#### EXERCISE DETAILS
Below are entries. Give back exactly the lines from the one containing "Hi, my name" through the one containing "Make sure you", inclusive, without the pictures.

====== DATASET RECORDS ======

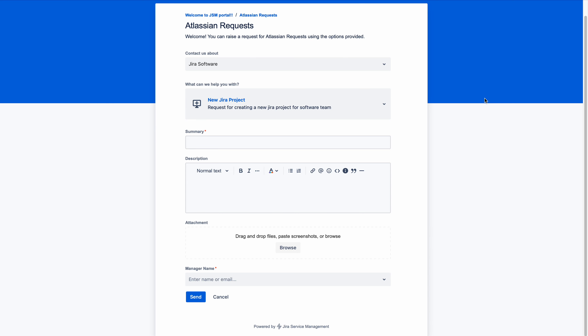Hello, I am Nagesh. In this video I will show you about customer permissions in a service management project.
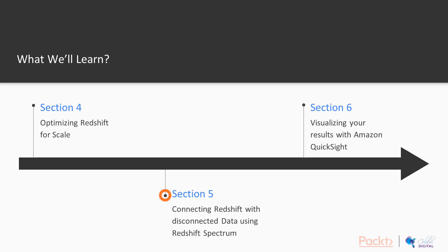Next, we're going to move on to leveraging disconnected data using a tool called Redshift Spectrum to understand how we can query data in our BI system with data outside of our BI system and actually do that at some kind of scale.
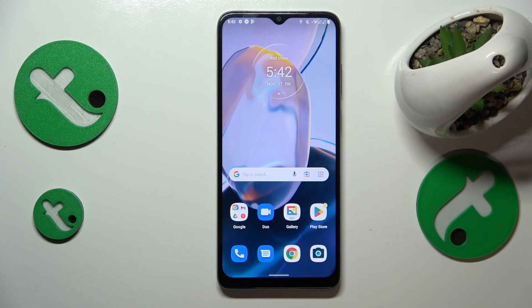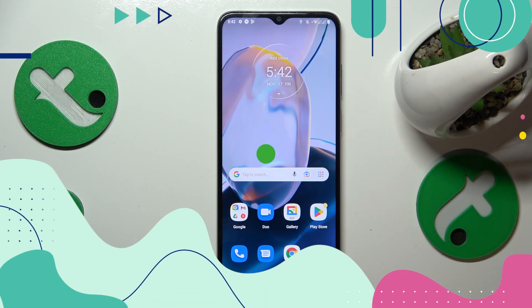This is Motorola Moto E22i and today I'll show how you can make Google Chrome the default app for browsing on this device.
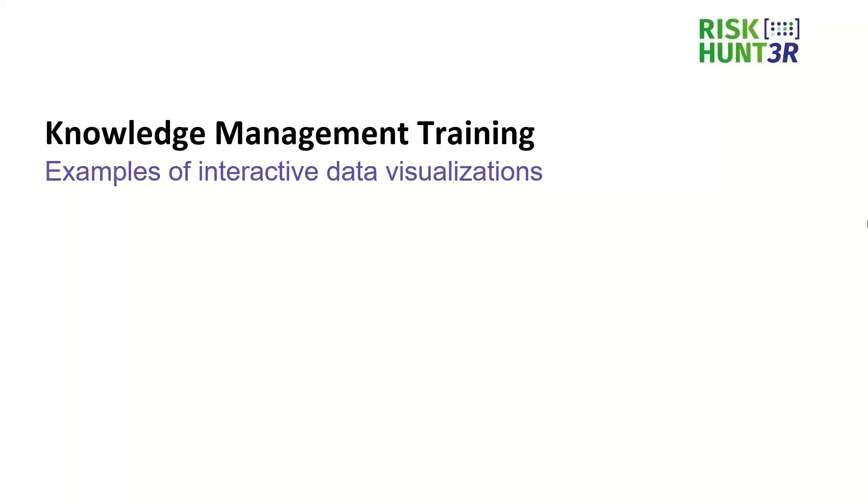Hi, my name is Tomas and at Edelweiss Connect I'm working on data management and data modeling activities.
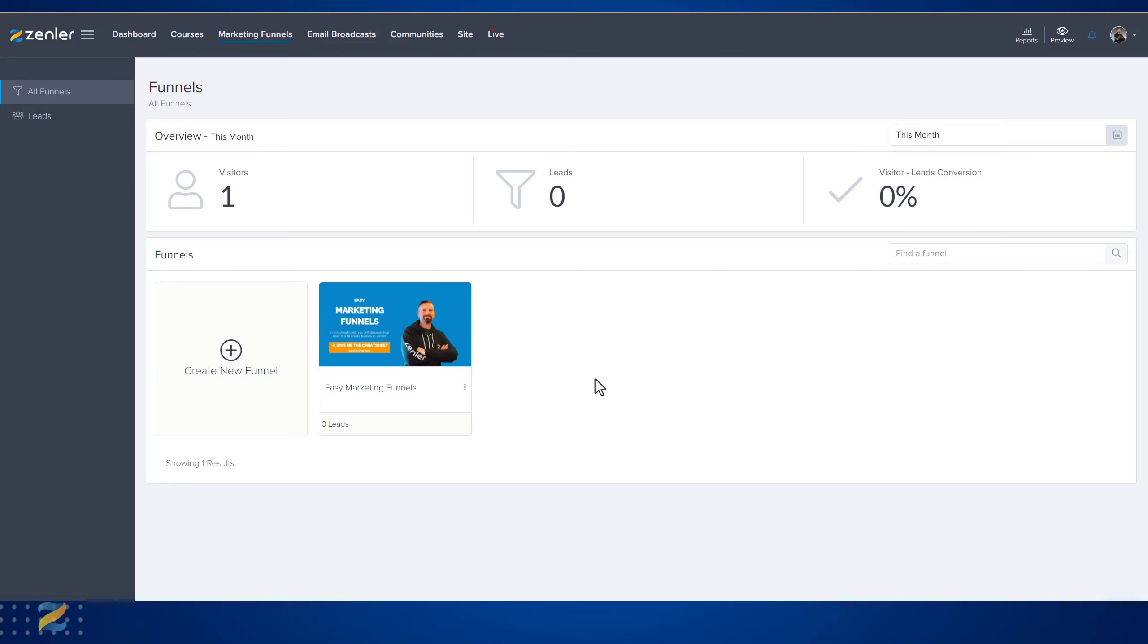Marketing funnels can be used in a variety of different ways. Within Zenler you have the opportunity to use lead magnets or lead funnels and video series funnels. All of these funnels are very customizable and you can add extra pages into the funnel, send people into different areas of your site from the funnel.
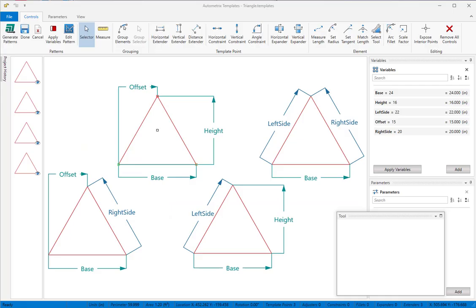Welcome back! In this video we'll introduce the use of the controls that turn your patterns into parametric templates. Templates uses two types of controls.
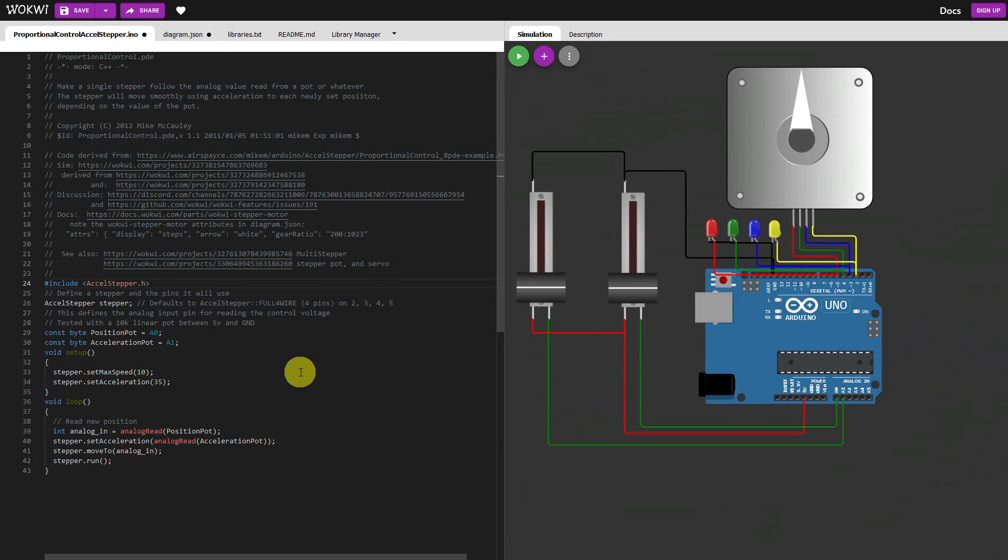Hello everybody and welcome to a chat from the engineering desk. Today's little talk is going to be about another Wokwi project that's doing motion on an Arduino. So what I've got set up here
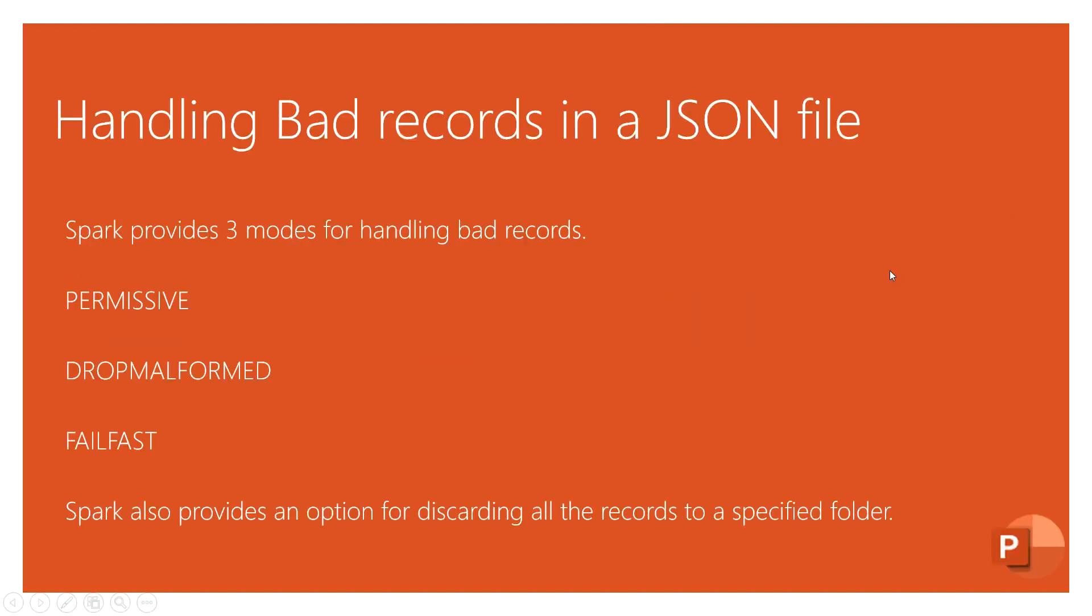Hello friends, welcome to my channel Sparkling Future. Spark provides three modes for handling bad records: first one is permissive, second one is drop malformed, and third one is fail fast. These are the three available modes in Spark SQL when you are reading a JSON file.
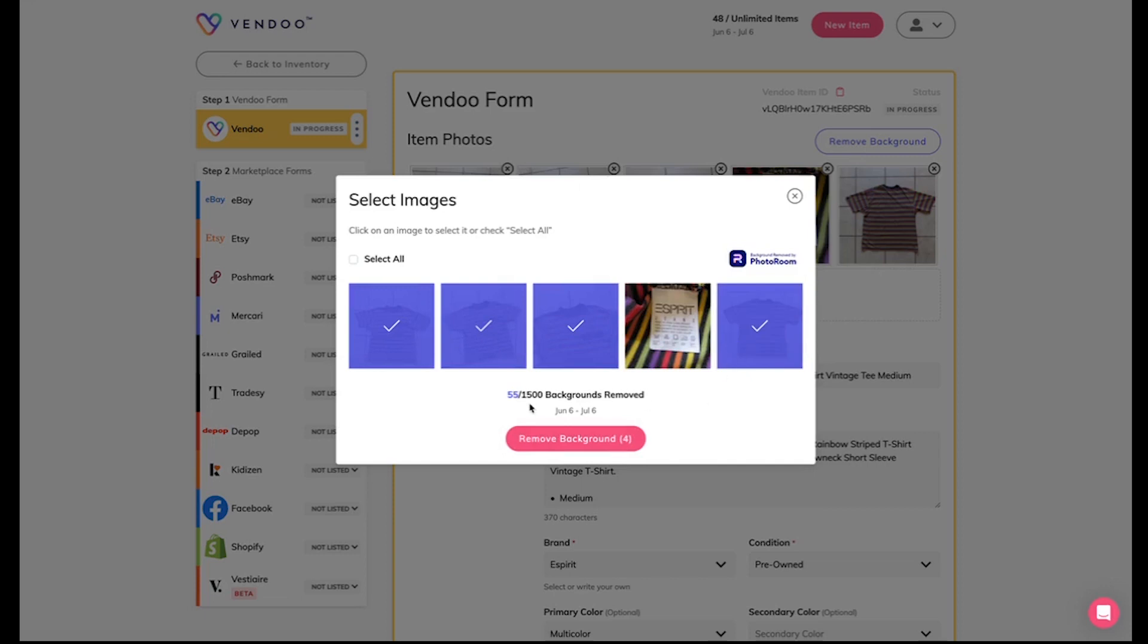Make sure you check out your background remover counter that will show you how many background removals you've had for the month out of your cycle.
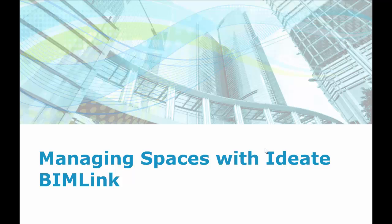Hello and welcome to Managing Spaces with Ideate Bimlink presentation. In this video, we will look at the workflow related to effectively managing spaces in the Revit model using Ideate Bimlink and the additional functionality associated with it. Let's go ahead and take a look at this workflow.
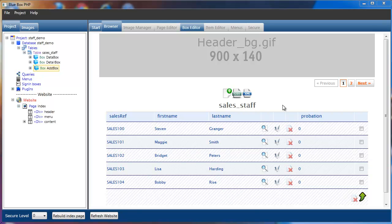Welcome to BlueBox PHP tutorial series. In this tutorial we're going to be looking at further item types for the add box. We're going to be looking at the radio button type, list type, and checkbox types.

======

#### YOUR SOLUTION
Hi, my name is Tomas and at Edelweiss Connect I'm working on data management and data modeling activities.
Marketing funnels can be used in a variety of different ways. Within Zenler you have the opportunity to use lead magnets or lead funnels and video series funnels. All of these funnels are very customizable and you can add extra pages into the funnel, send people into different areas of your site from the funnel.
Welcome back! In this video we'll introduce the use of the controls that turn your patterns into parametric templates. Templates uses two types of controls.
Hello everybody and welcome to a chat from the engineering desk. Today's little talk is going to be about another Wokwi project that's doing motion on an Arduino. So what I've got set up here
Hello friends, welcome to my channel Sparkling Future. Spark provides three modes for handling bad records: first one is permissive, second one is drop malformed, and third one is fail fast. These are the three available modes in Spark SQL when you are reading a JSON file.
Make sure you check out your background remover counter that will show you how many background removals you've had for the month out of your cycle.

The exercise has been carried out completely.